Is there any reason not to use fixed width integer types (e.g. uint8_t)?
Asked Answered
D

6

64

Assuming you're using a compiler that supports C99 (or even just stdint.h), is there any reason not to use fixed-width integer types such as uint8_t?

One reason that I'm aware of is that it makes much more sense to use chars when dealing with characters instead of using (u)int8_ts, as mentioned in this question.

But if you are planning on storing a number, when would you want to use a type that you don't know how big it is? I.e. In what situation would you want to store a number in an unsigned short without knowing if it is 8, 16, or even 32 bits, instead of using a uint16t?

Following on from this, is it considered better practice to use fixed-width integers, or to use the normal integer types and just never assume anything and use sizeof wherever you need to know how many bytes they are using?

Duisburg answered 16/11, 2012 at 9:13 Comment(2)
possible duplicate of Reasons to use (or not) stdintAlarum
Also see this question Exotic architectures the standard committee cares aboutGambetta
S
47

It's actually quite common to store a number without needing to know the exact size of the type. There are plenty of quantities in my programs that I can reasonably assume won't exceed 2 billion, or enforce that they don't. But that doesn't mean I need an exact 32 bit type to store them, any type that can count to at least 2 billion is fine by me.

If you're trying to write very portable code, you must bear in mind that the fixed-width types are all optional.

On a C99 implementation where CHAR_BIT is greater than 8 there is no int8_t.
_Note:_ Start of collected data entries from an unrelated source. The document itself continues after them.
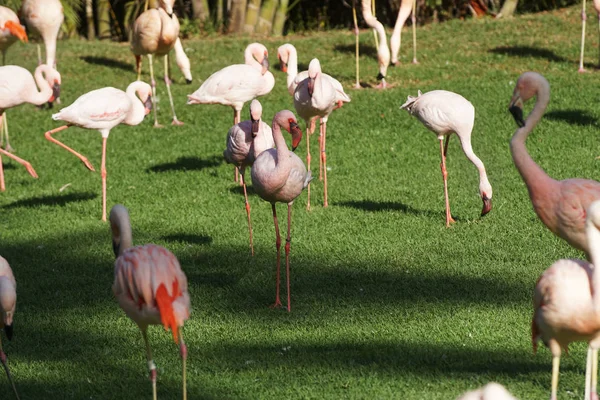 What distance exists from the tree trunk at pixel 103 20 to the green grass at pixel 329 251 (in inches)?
148

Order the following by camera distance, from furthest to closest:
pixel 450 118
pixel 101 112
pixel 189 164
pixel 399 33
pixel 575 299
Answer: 1. pixel 399 33
2. pixel 189 164
3. pixel 101 112
4. pixel 450 118
5. pixel 575 299

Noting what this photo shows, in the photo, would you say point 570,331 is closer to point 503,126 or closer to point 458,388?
point 458,388

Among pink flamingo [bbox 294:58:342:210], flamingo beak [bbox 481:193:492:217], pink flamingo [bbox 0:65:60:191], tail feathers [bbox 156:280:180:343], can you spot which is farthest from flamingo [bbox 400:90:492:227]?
pink flamingo [bbox 0:65:60:191]

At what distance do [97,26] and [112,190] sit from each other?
8924mm

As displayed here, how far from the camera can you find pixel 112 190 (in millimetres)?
9609

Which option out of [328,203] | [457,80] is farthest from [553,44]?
[328,203]

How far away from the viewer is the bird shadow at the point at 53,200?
934 centimetres

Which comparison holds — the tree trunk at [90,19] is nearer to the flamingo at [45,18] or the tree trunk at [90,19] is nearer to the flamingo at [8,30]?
the flamingo at [45,18]

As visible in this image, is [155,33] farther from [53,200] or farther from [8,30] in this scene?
[53,200]

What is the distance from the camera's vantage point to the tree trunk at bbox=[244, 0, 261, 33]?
16.3 metres

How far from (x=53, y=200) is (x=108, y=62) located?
5926 millimetres

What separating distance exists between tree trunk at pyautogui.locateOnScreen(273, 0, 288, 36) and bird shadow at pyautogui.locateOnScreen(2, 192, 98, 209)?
7.76 metres

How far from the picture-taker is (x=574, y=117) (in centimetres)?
1068

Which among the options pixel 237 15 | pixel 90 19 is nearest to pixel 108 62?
pixel 237 15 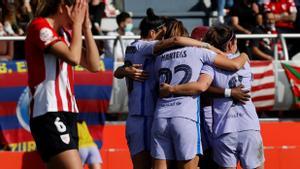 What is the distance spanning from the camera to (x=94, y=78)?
10672mm

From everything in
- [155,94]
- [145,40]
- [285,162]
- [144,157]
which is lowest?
[285,162]

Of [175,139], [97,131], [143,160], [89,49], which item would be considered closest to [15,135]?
[97,131]

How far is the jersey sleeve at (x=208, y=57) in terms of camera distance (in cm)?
745

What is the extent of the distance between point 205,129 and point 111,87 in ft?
9.98

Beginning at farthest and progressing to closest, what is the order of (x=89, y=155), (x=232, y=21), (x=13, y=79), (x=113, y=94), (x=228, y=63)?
(x=232, y=21) < (x=113, y=94) < (x=13, y=79) < (x=89, y=155) < (x=228, y=63)

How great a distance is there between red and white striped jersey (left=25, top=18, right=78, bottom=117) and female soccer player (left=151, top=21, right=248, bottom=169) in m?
1.77

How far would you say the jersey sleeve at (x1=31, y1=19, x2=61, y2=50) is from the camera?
18.7ft

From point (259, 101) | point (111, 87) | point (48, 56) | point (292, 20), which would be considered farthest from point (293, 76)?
point (48, 56)

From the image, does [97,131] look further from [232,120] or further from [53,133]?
[53,133]

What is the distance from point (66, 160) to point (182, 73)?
6.68 feet

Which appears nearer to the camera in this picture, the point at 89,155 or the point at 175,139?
the point at 175,139

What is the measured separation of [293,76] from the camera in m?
11.5

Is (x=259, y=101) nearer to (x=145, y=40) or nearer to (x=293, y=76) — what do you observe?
(x=293, y=76)

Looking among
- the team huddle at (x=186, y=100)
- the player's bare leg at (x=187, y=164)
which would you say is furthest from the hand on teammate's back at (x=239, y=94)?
the player's bare leg at (x=187, y=164) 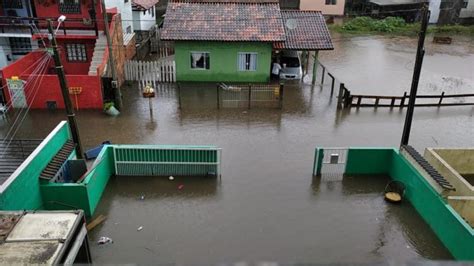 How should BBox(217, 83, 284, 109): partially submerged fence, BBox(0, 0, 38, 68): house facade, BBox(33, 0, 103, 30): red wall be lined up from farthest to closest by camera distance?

The standard forbids it to exist because it would have to have padding bits, and intN_t types are defined to have no padding bits (7.18.1.1/1). uint8_t therefore also forbidden because (thanks, ouah) an implementation is not permitted to define uint8_t without int8_t.

So, in very portable code, if you need a signed type capable of holding values up to 127 then you should use one of signed char, int, int_least8_t or int_fast8_t according to whether you want to ask the compiler to make it:

  • work in C89 (signed char or int)
  • avoid surprising integer promotions in arithmetic expressions (int)
  • small (int_least8_t or signed char)
  • fast (int_fast8_t or int)

The same goes for an unsigned type up to 255, with unsigned char, unsigned int, uint_least8_t and uint_fast8_t.

If you need modulo-256 arithmetic in very portable code, then you can either take the modulus yourself, mask bits, or play games with bitfields.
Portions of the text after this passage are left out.